# BRIEF:
Transcribe all of the data exactly. Omit the pictures.

# AVAILABLE DATA:
Content starts
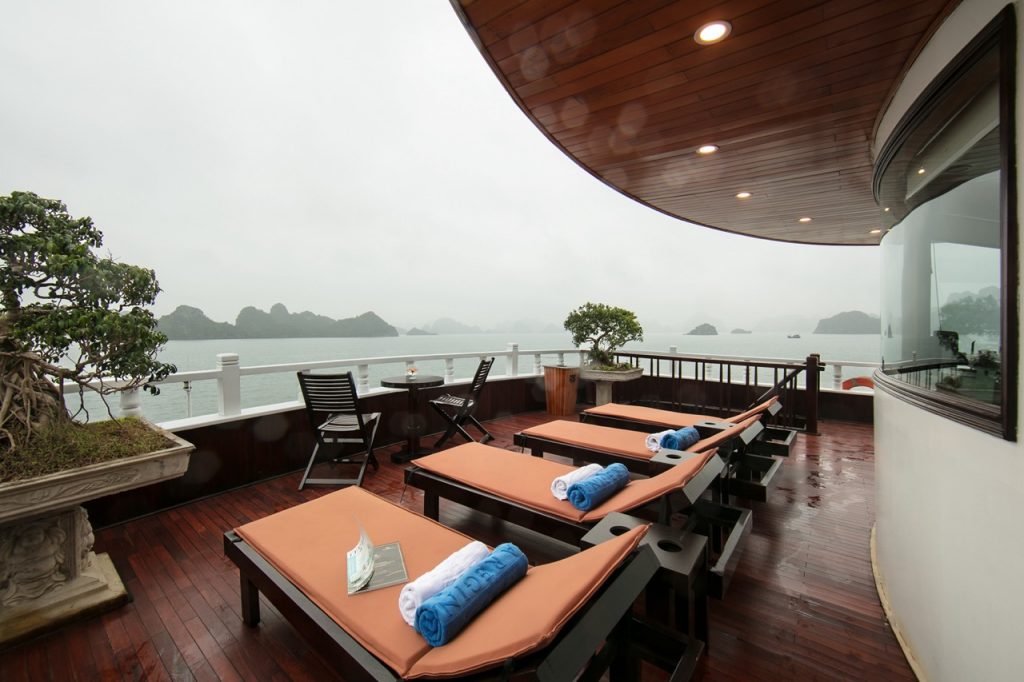 Scenic view of Halong Bay from a luxury cruise balcony with lounge chairs and relaxing atmosphere.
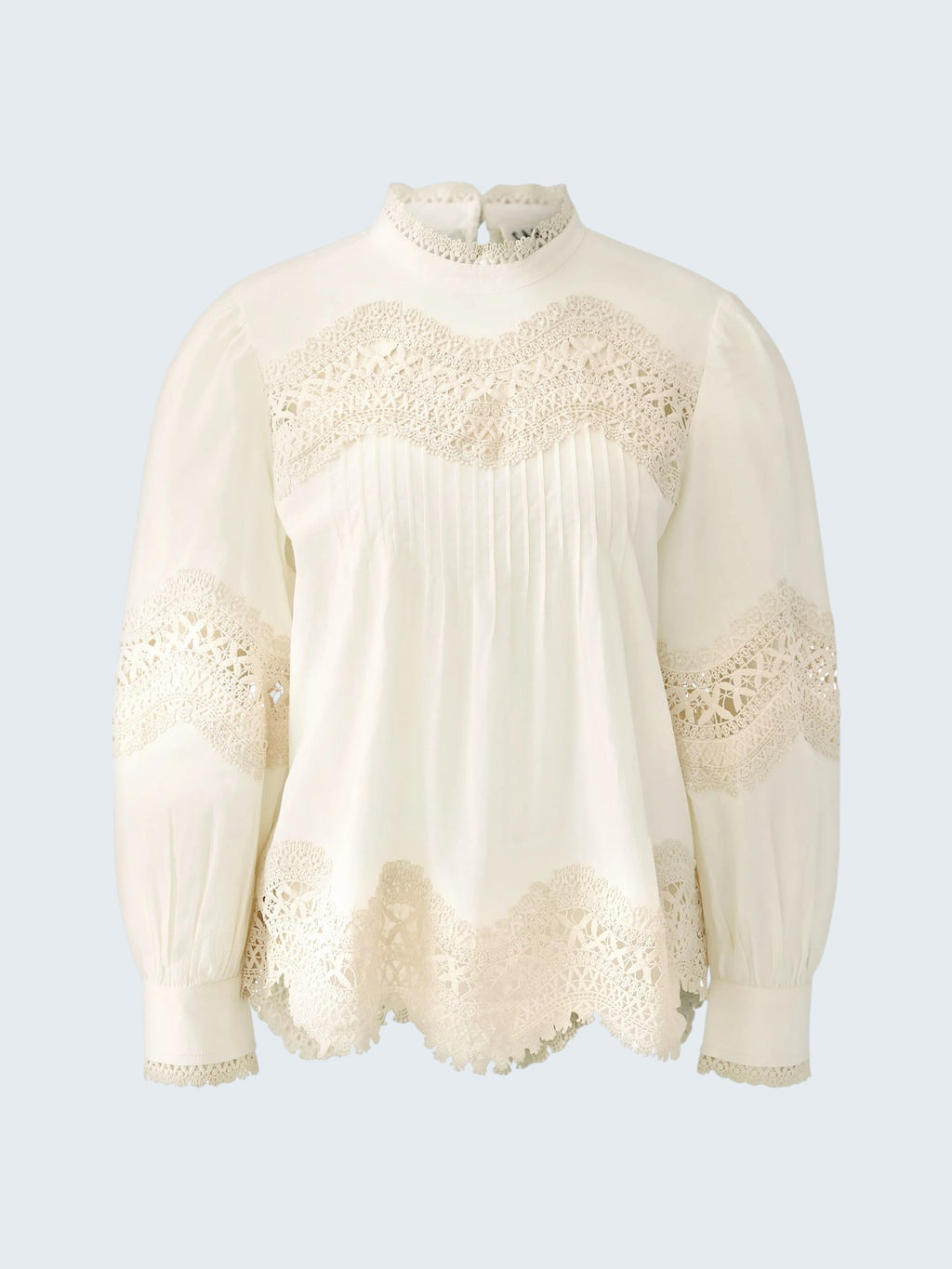 oui-ua.store cream cotton blouse with lace trim, pintuck details, high neck, and button back. Voluminous sleeves.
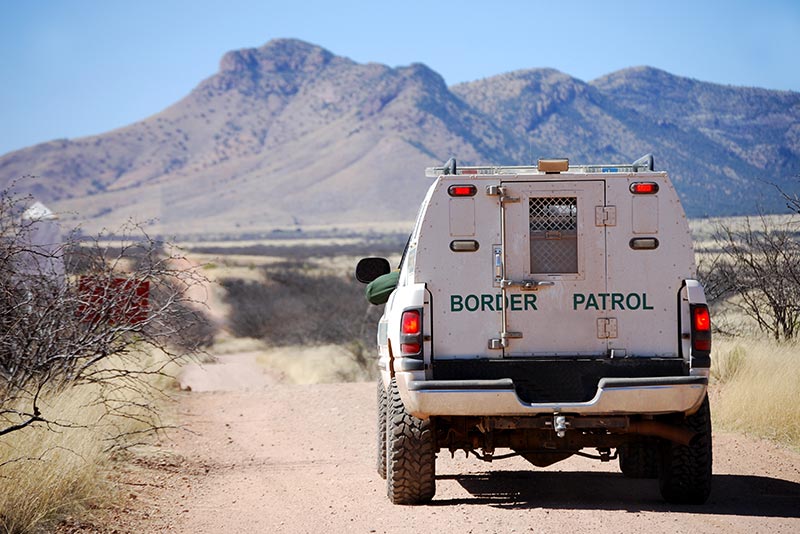 Border Patrol truck on dirt road
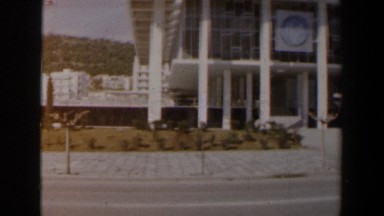 1960: Magnificent Building Street View Cars Moving Along Israel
Content ends
# RESPONSE TO THE EXERCISE:
 Scenic view of Halong Bay from a luxury cruise balcony with lounge chairs and relaxing atmosphere.
 oui-ua.store cream cotton blouse with lace trim, pintuck details, high neck, and button back. Voluminous sleeves.
 Border Patrol truck on dirt road
 1960: Magnificent Building Street View Cars Moving Along Israel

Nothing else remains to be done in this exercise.